## Data supplied
------------------------------

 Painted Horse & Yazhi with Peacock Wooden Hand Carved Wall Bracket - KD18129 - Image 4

------------------------------

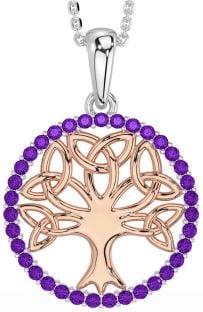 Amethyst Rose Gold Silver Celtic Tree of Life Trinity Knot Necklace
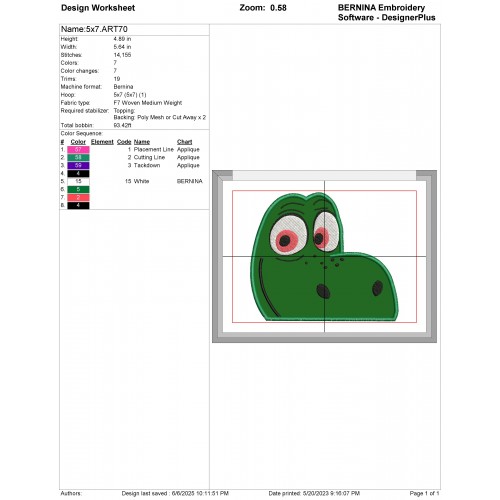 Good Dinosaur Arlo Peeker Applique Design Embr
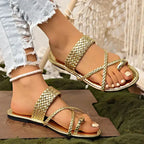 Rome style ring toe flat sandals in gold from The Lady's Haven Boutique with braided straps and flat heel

------------------------------

## What is needed
Look back over the records above. Reproduce exactly everything from the line with "Amethyst Rose Gold" down to the line with "Rome style ring", inclusive, and leave the pictures out.

## The answer
 Amethyst Rose Gold Silver Celtic Tree of Life Trinity Knot Necklace
 Good Dinosaur Arlo Peeker Applique Design Embr
 Rome style ring toe flat sandals in gold from The Lady's Haven Boutique with braided straps and flat heel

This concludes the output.